Topic 5: Linear Model Flashcards
Define bivarinate data and variables involved
Bivarinate data is a pair of variables (xi,yi) with i=1,2,3,…n
x: independet variable
y: dependent variable
What does a scatter plot summarize?
Scatter plot is a numerical summary of the relationship between 2 variables on the same 2D plane, creating a cloud of data points.
Describe linear association
Linear association shows how tightly the points cluster around the line.
Strong/positive association: tightly clustered
Weak/negative association: not tightly clustered
How many numerical summaries does scatter plot takes into account?
5 numerical summaries:
- mean & SD of x
- mean & SD of y
- correlation coefficient (r)
Describe the center and spread of data cloud in scatter plot
- Center: point of average (mean of x, mean of y)
- Horizontal spread: measured by SD of x (most in 2SD)
- Vertical spread: measured by SD of y (most in 2SD)
Describe correlation coefficient and its features
Correlation coefficient is the numerical summary measuring clustering around line, showing sign and strength of association.

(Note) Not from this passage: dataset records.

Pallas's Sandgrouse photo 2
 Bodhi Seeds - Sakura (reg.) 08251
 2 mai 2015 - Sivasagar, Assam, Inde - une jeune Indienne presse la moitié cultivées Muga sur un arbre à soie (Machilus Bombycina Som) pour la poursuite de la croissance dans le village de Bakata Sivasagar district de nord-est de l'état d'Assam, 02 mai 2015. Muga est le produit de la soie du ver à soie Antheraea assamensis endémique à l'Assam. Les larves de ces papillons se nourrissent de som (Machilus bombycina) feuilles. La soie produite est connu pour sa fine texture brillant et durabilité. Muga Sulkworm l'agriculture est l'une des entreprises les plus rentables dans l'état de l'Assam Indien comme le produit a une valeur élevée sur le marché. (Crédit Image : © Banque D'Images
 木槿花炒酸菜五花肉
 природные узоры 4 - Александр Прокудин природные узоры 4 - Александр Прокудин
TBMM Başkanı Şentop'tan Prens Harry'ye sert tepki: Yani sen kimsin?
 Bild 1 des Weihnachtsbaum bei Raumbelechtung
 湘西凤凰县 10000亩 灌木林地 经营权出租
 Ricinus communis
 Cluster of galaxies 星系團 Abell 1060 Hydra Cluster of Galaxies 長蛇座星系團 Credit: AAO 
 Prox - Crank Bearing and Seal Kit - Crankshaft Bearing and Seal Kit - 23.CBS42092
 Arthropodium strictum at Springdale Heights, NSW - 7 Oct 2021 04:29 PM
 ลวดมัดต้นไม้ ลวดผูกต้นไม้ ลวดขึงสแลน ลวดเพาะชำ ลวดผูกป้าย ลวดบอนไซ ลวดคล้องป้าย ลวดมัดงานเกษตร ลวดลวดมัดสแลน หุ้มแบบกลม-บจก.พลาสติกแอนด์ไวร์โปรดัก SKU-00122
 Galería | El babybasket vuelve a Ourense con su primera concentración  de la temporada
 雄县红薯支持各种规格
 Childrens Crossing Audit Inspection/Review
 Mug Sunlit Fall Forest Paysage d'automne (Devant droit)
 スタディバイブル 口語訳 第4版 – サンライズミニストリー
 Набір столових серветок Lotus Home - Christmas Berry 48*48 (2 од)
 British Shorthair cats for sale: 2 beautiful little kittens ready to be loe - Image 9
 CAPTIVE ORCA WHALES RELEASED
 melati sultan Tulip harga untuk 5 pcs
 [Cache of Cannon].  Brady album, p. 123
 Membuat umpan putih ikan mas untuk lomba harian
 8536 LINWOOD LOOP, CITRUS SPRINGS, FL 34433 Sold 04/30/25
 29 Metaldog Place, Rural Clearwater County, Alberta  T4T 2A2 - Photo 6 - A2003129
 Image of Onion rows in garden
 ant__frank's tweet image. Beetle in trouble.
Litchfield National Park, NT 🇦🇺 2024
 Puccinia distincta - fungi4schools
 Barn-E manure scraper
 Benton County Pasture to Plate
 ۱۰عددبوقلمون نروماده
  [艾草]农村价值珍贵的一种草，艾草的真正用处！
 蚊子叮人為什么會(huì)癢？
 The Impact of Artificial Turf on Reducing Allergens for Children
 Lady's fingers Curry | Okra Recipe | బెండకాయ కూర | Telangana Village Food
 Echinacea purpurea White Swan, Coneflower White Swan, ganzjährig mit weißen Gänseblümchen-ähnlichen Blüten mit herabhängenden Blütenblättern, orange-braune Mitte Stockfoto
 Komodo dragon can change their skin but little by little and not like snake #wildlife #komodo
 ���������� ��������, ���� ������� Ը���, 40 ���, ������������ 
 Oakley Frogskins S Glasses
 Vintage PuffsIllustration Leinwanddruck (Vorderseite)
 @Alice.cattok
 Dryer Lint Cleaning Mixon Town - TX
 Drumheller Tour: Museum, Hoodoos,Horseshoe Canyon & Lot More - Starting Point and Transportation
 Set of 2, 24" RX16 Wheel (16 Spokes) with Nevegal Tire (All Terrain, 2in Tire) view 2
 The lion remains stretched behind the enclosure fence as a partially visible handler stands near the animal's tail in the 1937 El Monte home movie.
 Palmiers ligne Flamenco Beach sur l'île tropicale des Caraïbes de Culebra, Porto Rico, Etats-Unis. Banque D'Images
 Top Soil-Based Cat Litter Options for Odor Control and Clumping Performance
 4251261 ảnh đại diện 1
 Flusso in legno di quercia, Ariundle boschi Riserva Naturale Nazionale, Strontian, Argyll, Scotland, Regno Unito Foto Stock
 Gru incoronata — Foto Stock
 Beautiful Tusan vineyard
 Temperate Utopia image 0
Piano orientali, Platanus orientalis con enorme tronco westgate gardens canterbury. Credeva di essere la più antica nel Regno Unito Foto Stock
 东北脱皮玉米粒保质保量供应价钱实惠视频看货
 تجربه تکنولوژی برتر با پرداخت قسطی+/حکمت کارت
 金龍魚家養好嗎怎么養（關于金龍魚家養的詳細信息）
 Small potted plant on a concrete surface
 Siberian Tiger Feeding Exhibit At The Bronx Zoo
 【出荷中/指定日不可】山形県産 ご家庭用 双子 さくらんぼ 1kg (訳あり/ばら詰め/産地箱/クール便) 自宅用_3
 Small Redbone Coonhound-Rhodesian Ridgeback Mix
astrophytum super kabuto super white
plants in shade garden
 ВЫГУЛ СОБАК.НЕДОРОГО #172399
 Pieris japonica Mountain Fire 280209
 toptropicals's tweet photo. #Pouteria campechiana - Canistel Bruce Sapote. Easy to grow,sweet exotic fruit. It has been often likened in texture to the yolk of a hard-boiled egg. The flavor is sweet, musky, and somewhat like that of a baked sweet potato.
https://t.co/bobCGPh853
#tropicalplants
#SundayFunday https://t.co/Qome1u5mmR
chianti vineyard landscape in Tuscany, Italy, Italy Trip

- Pure number with no unit
- Lies between -1 and 1
- (+) r: upward slope
- (-) r: downward slope
- r = +/-1: perfect correlation; closer to -1/+1 tightly clustered
- r = 0: points don’t fit around the line
- Symmetry: r is not affected by interchanging the variable
- Scaling: shift & scale invariant
How to calculate the population/sample correlation coefficient ?
Mean of the product of the variables in standard units
- (data point - mean)/popsd or sd (z score of each variable)
- product of the 2 z score of x & y vairbles
- mean of the product = r
What is SD line?
SD line connects point average to point 1SD away from the mean in both x & y direction.
What are some features and limitations of SD line?
Features: it goes through point of average and captures the exact relationship if there is
Limitations: not use r
- cannot distinguish different cloud clustering
- can over or underestimate
What are some warnings regarding correlation coefficient?
- Outliers can overly influence r
- r cannot detect nonlinear association
- Same r value can come from very diff. data set
- Rates of averages can inflate the r
- Association doesn’t mean causation
- Small SDs can make r look bigger
What is regression line and equation?
Regression lines takes into account all 5 numerical summaries.
Connects point of average to (mean of x + SDx, mean of y + rSDy)
y = intercept + slopex
What is graph of averages?
Graph of averages plots average y for each x.
If the points give a straight line, it is the regression line.
What are some ways of prediction for y value when given a x value?
- Baseline prediction: y prediction = average of y values over all x values
- Prediction in a strip: y prediction = average of all y values associated with the given x
- Based on regression line: use the line equation to predict y
- Predicting percentile marks: x given in a certain percentile –> predict y percentile
What steps are taken to predict y value based on a given x percentile?
- calculate z score in x direction: Zx (qnorm)
- Zy = r * Zx
- Zy turn back into percentile in y direction (pnorm)
What are residuals?
Residuals are vertical distances of data points above or below the regression line, representing errors between actual value and prediction.